Dataset excerpts
■ ■ ■

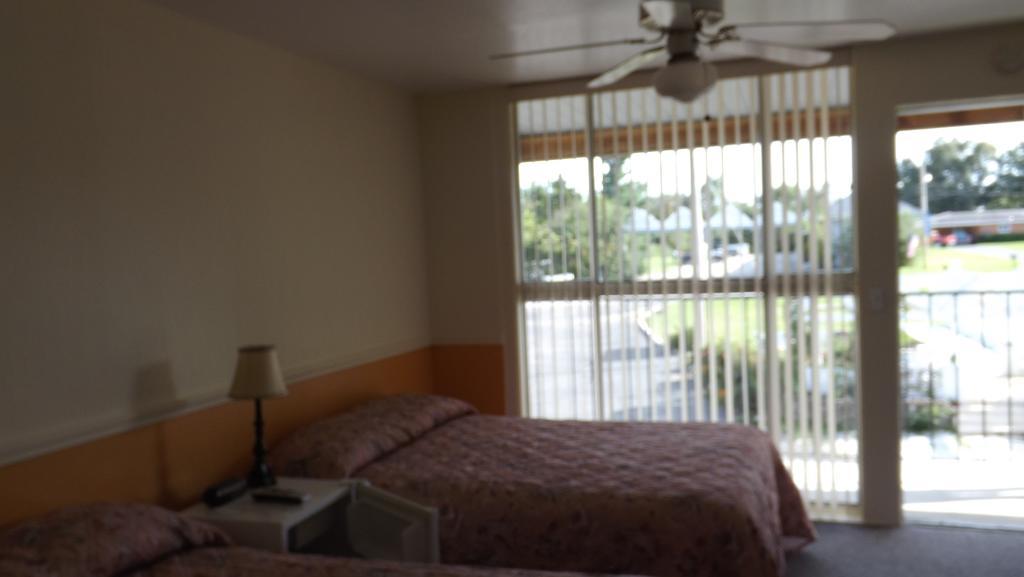 Bull Shoals Twin Lakes Inn الغرفة الصورة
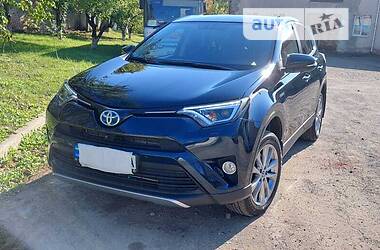 Позашляховик / Кросовер Toyota RAV4 2018 в Ужгороді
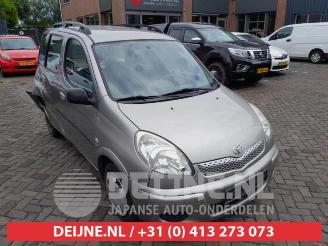 Auto da rottamare Toyota Yaris-verso Yaris Verso (P2), MPV, 1999 / 2005 1.3 16V 2004/7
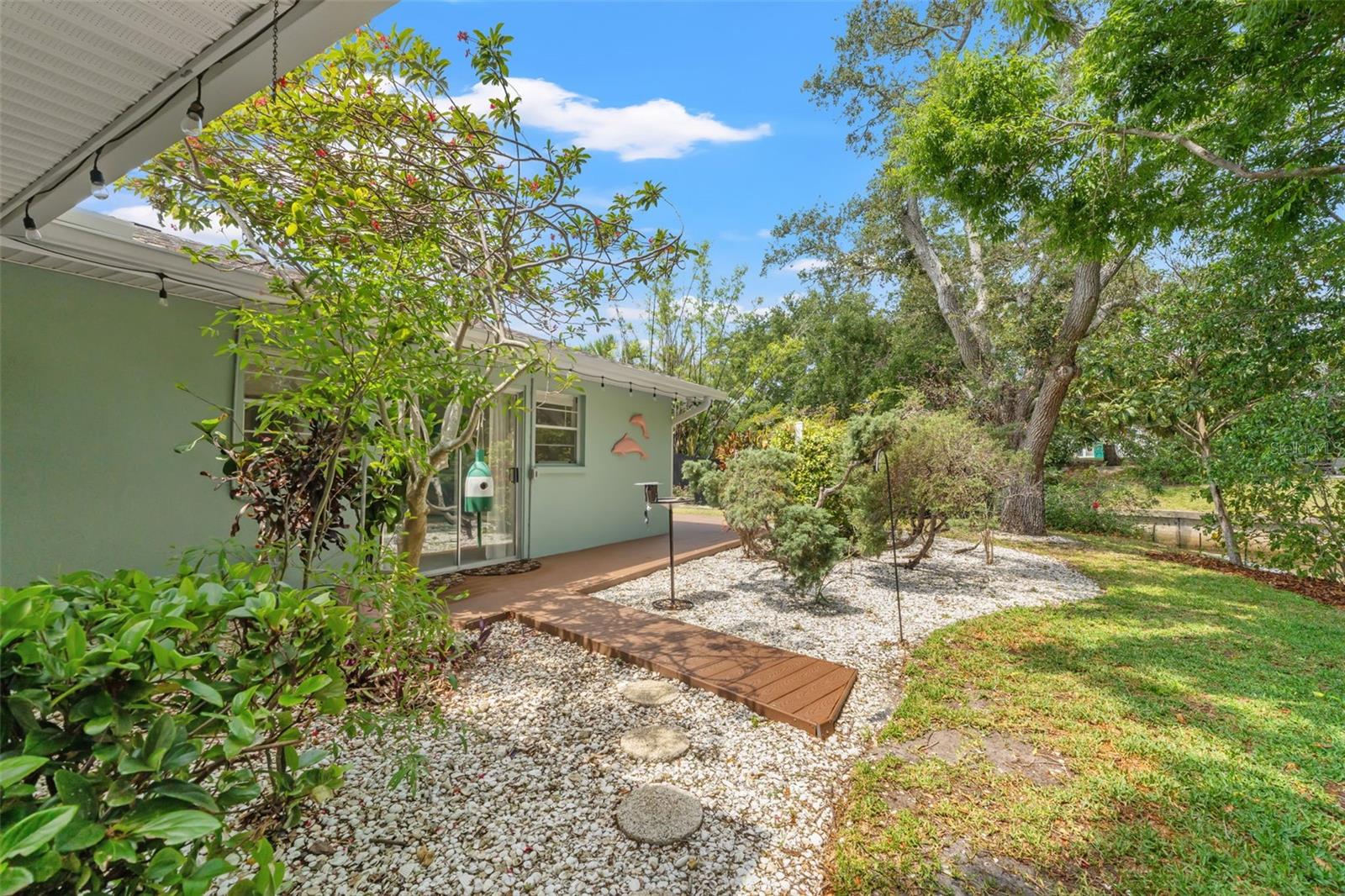 Image 42 of 49 For 1240 Harbor Lake Dr
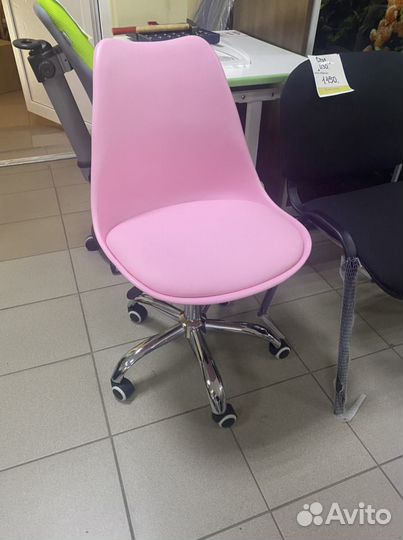 Стул мастера на колесах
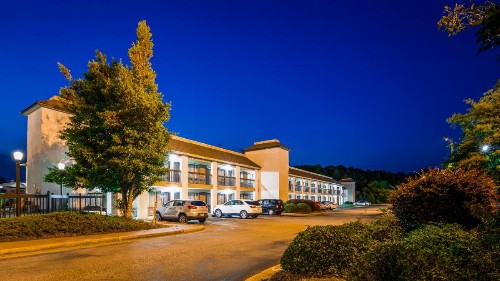 SureStay Plus Hotel by Best Western Fayetteville - image 6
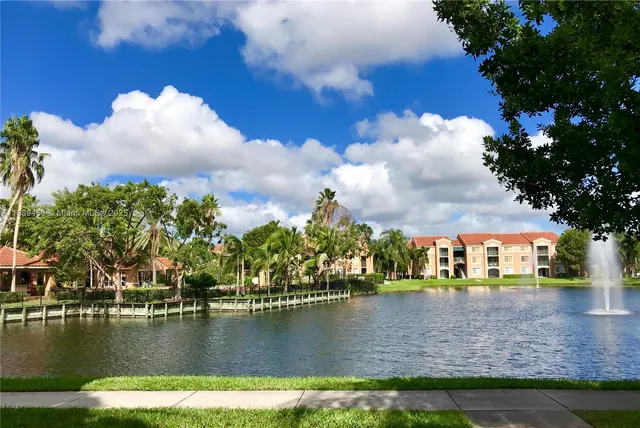 a view of residential houses with outdoor space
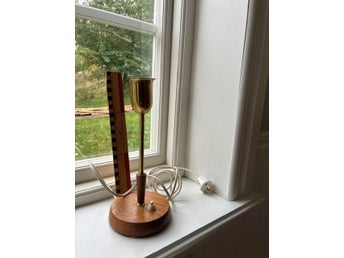Äldre bordslampa i mässing och trä - vintage 1940/50-tal.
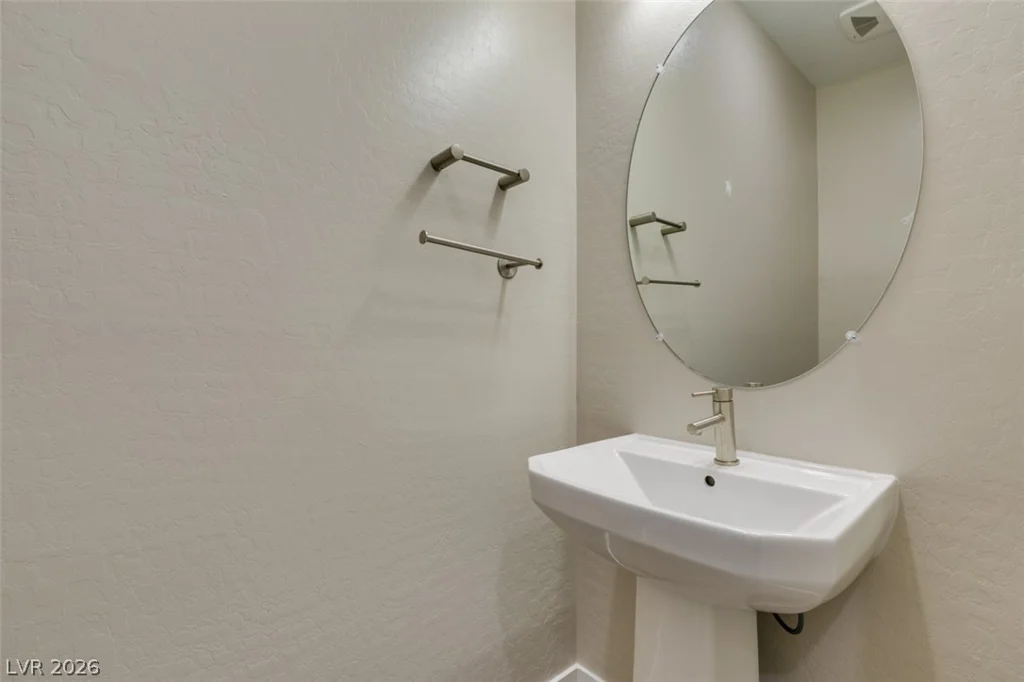 10184 Chrysolite, Las Vegas, NV 89143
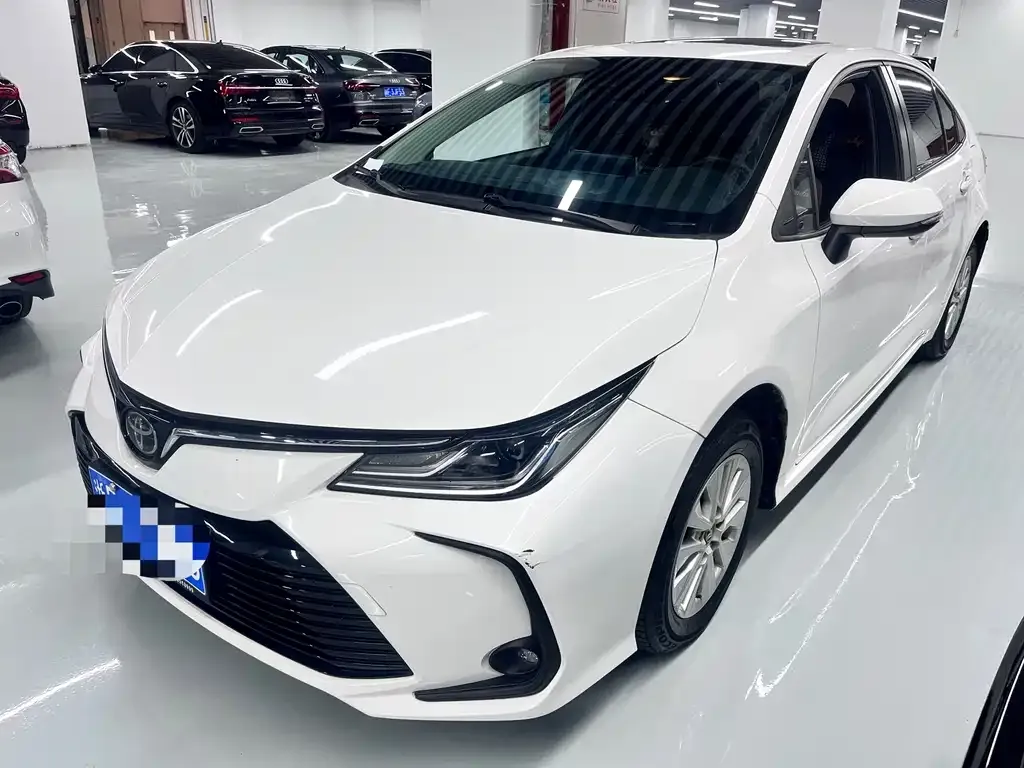 Toyota Corolla 2021 из CN, фото 1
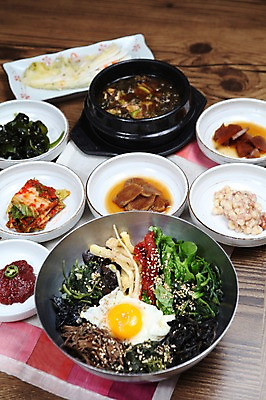 포토 JPG 그릇 접시 한식 음식 채소 반찬 김치 사람없음 대접 고추장 상추 계란프라이 찌개 뚝배기 나물 비빔밥 쌈장 시금치 백김치 도라지 국내포토 식기 양념 계란요리 파일형식 요리 계란 알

■ ■ ■

TASK ITEM.
From the line containing "10184 Chrysolite, Las Vegas, NV 89143" to the end of the data above, give those lines again verbatim, with both endpoints included and no images.

SOLUTION.
 10184 Chrysolite, Las Vegas, NV 89143
 Toyota Corolla 2021 из CN, фото 1
 포토 JPG 그릇 접시 한식 음식 채소 반찬 김치 사람없음 대접 고추장 상추 계란프라이 찌개 뚝배기 나물 비빔밥 쌈장 시금치 백김치 도라지 국내포토 식기 양념 계란요리 파일형식 요리 계란 알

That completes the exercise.